We mostly saw Dr. Daily for infant follow-up assessments as I recall. Alex did one of the evaluations, but that was for Maddy. (Milo typically was the recipient of the bad news.) Milo still sees Angela Korpula for speech therapy at the Herrick Campus once each week. Angela gets very high marks from us – she’s great and Milo absolutely loves her! For OT the kids saw Susan Campodonico and Katherine Zwold (sp?) once a week also at the Herrick campus; they were great too. They were very energetic and really helped engage Elaine and I in the process. For PT, we saw woman at Children’s in Oakland once a week for about 6 months when the kids were around 19 months or so. I don’t recall her name, but she had a lot of trouble working with our kids. I got the sense that she was not used to dealing with toddlers, and she always seemed very frustrated with M&M. For Milo’s eyes, we see Dr. Tina Chow at Children’s, she also comes highly recommended. She is really terrific with kids.
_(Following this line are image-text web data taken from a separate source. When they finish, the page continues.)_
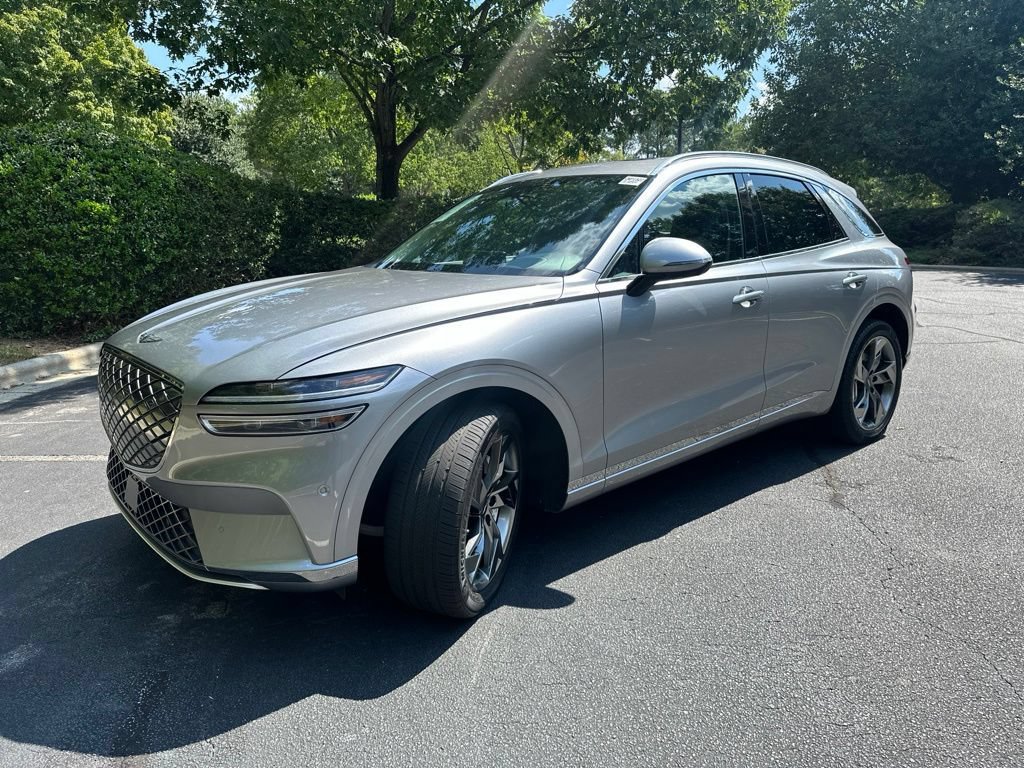 Used 2023 Genesis Electrified GV70 w/ Prestige Package AWD/4WD image 2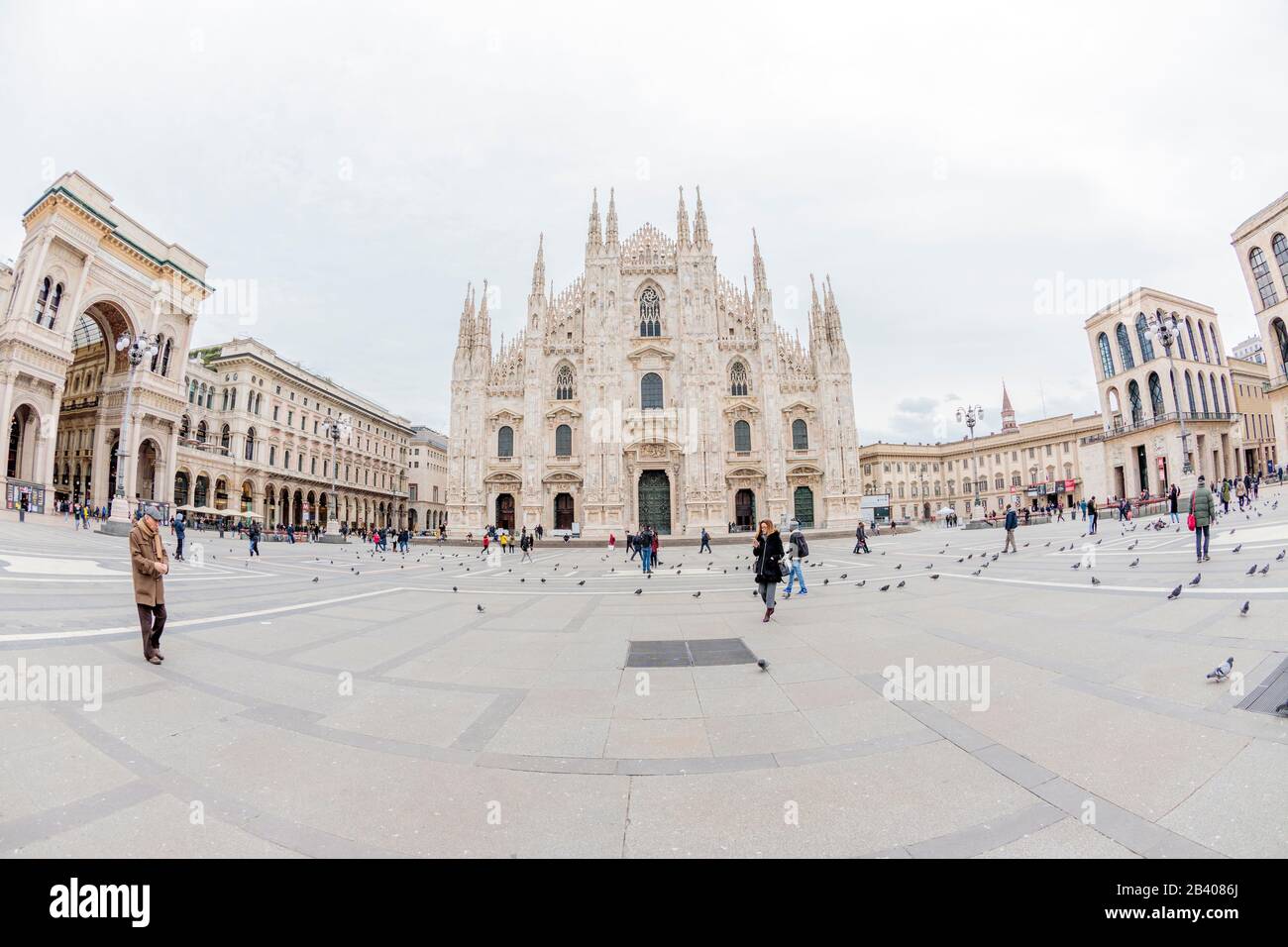 Mailänder Piazza Duomo, Desert Piazza duomo während der kovid19-Coronavirus-Ansteckung März 2020 © Andrea Ripamonti/Alamy Stockfoto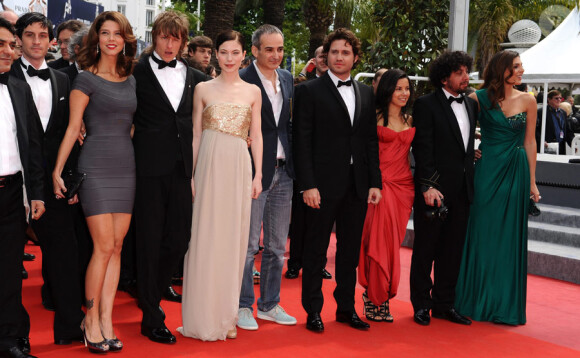 L'équipe du film , avec notamment les acteurs Nora Von Waldstaetten, Alexander Scheer et Edgar Ramirez lors de la présentation du biopic réalisé par Olivier Assayas, Carlos le 19 mai 2010 durant le 63e festival de Cannes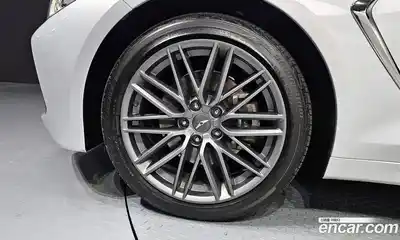 Genesis G70 2018 2.0 Автомат в Москве № 27895, миниатюра 2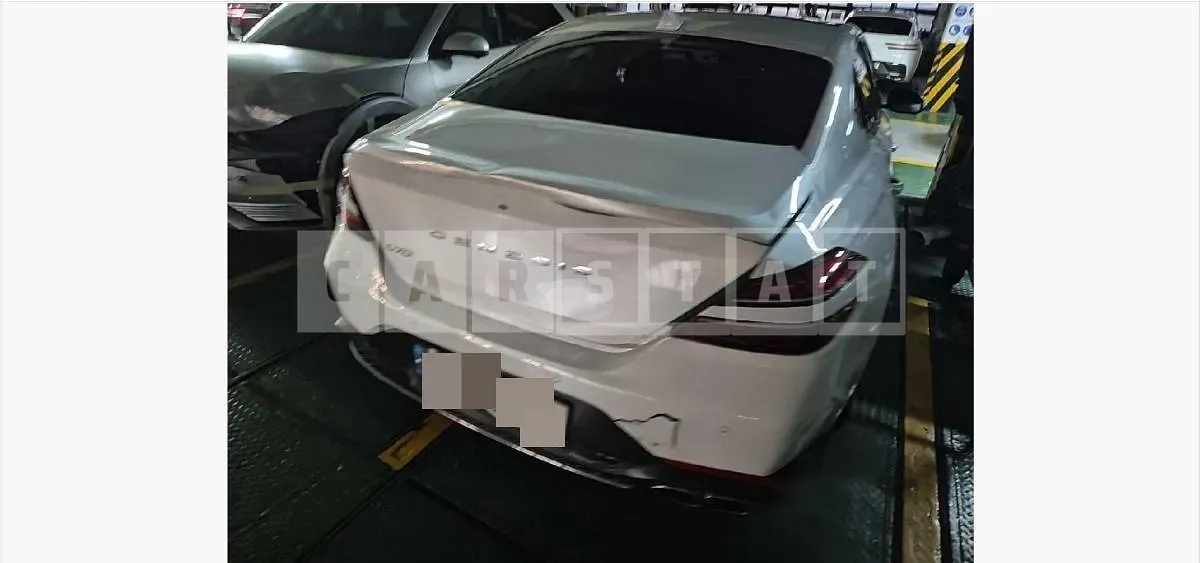 Photo 2 of 8: 2023 Genesis G70 — Korean insurance auction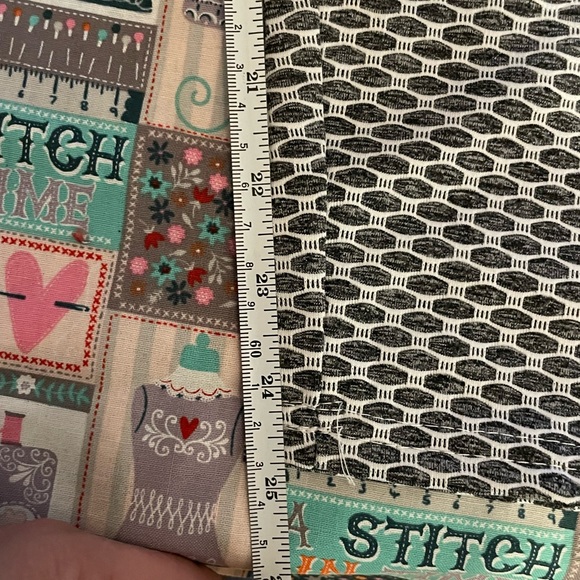 Viral TikTok Leggings! 3 pairs total available. 1 gray, 2 Black, All size 3XL - Picture 6 of 6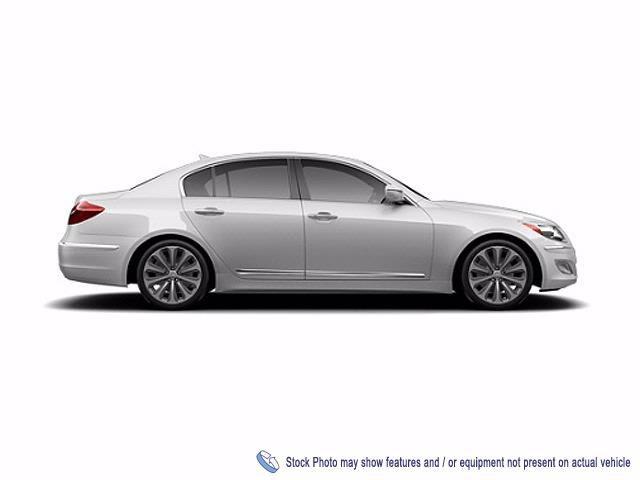 2013 Hyundai Genesis Unknown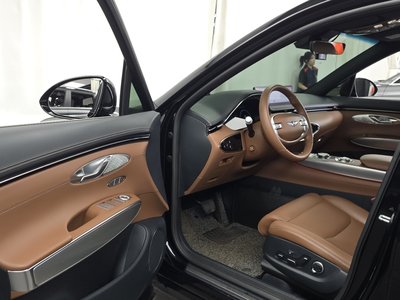 2023 Genesis GV70 — миниатюра 13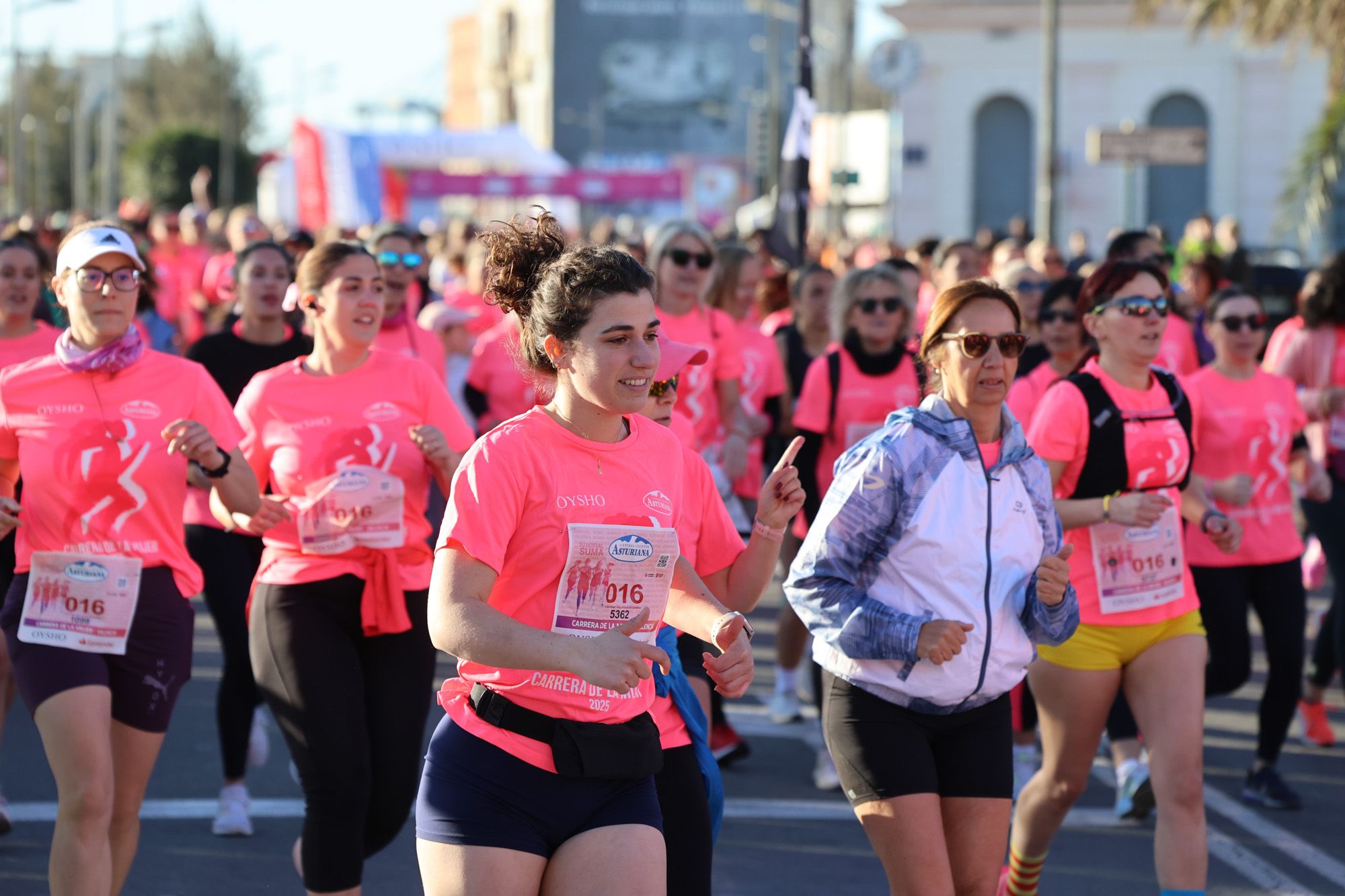 Carrera de la Mujer 2025: Las mejores imágenes del evento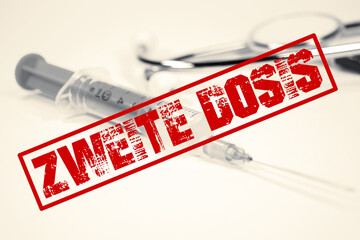 Spritze und zweite Dosis der Corona Virus Impfung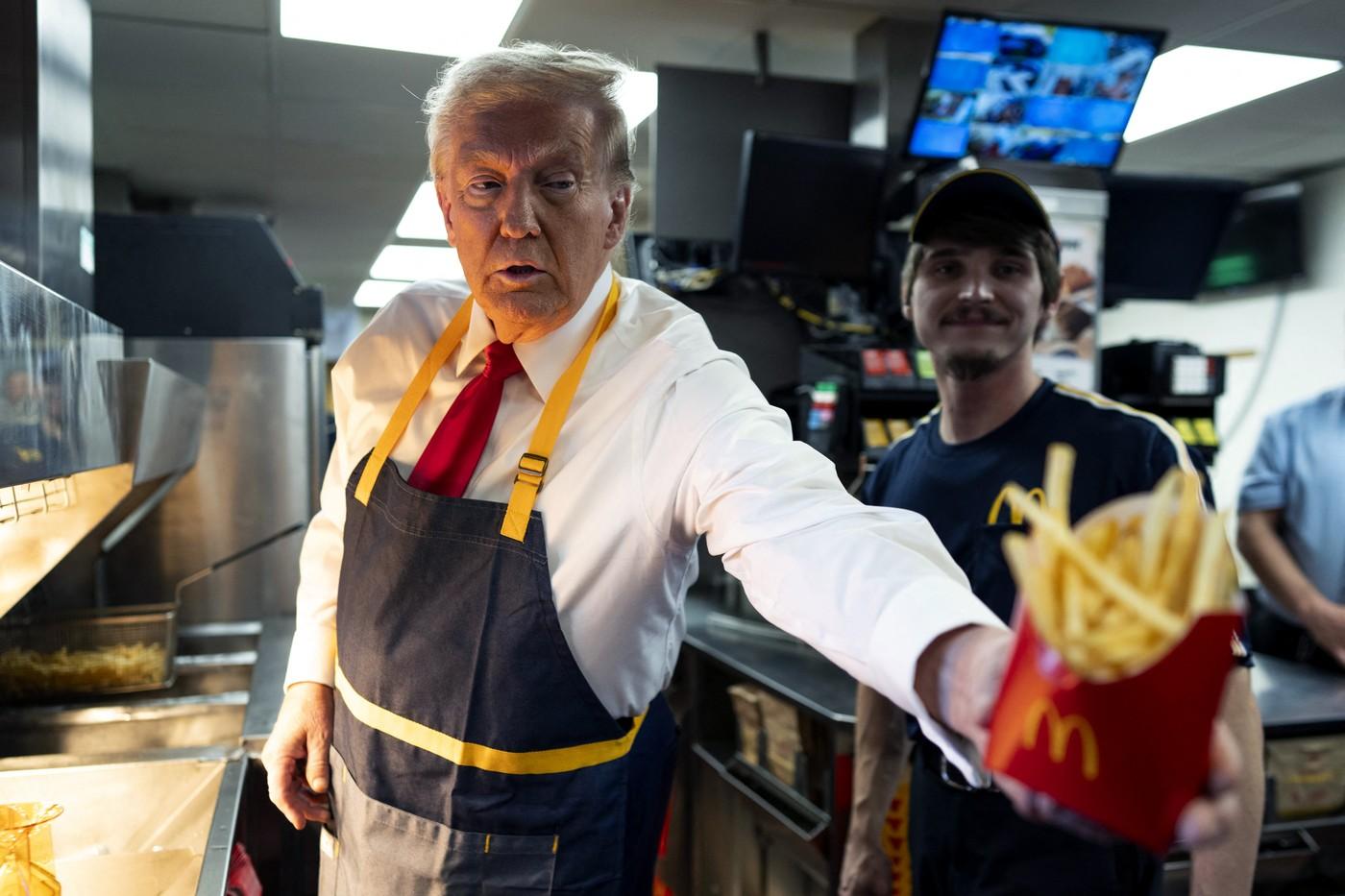 Momentul în care Trump gătește cartofi prăjiți la McDonald’s și servește clienți. Imaginile, virale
Melissa, I am sorry these news are so stressful for you. I understand why you are anxious about this latest evaluation. It is very easy and natural to imagine your worst fears coming true for your baby. While you are waiting for the outcome of OT, PT and eye exams, I hope you can find a way to calm your fears down. If autism is what scares you the most, you may want to talk to people who have autistic children. There are many online resources, but it is too easy to focus on – and only read – the ‘negatives’.
If you want to, I can put you in contact with moms of autistic children.
I am also happy to lend you an ear if you want to talk to somebody who has gone through many evaluations with potential outcomes anywhere from harmless and transient to potentially life impacting. I sure know that fear, and though I have a child who had to tackle a number of challenges, she is overall healthy and happy. Given that history, I also know a great number of various specialists. No need to contact me, if this is not what you want now, but know that you can always ask for my help.
Best to you and yours.
Thanks Mascha. I really appreciate the words of encouragement. I just may take you up on your offer to talk to people… but i think I want to wait until I go in for our evaluation. I think talking to someone might make my fears worse as it would make them more real… or something like that.
Yes, I think I know what you mean, and I agree. Talking to parents to understand the real life obstacles and joys of a certain condition can certainly be put on hold until you know what – if anything – you are dealing with. I just wanted to convey that you might want to face your fear, define the worst possible outcome for yourself, try to accept it, and find peace within yourself, knowing that you will be able to find the strength and support to handle it. Because the love for your child will not change, or if, it might become stronger.
It was a path for me to look at my girl and be happy about what and who she is without constantly worrying what her problems might be. I also dealt with quite some mother guilt even though I rationally knew I had no fault in the situation. But it is absolutely essential to go through that exercise for not letting the challenges determine who your child is.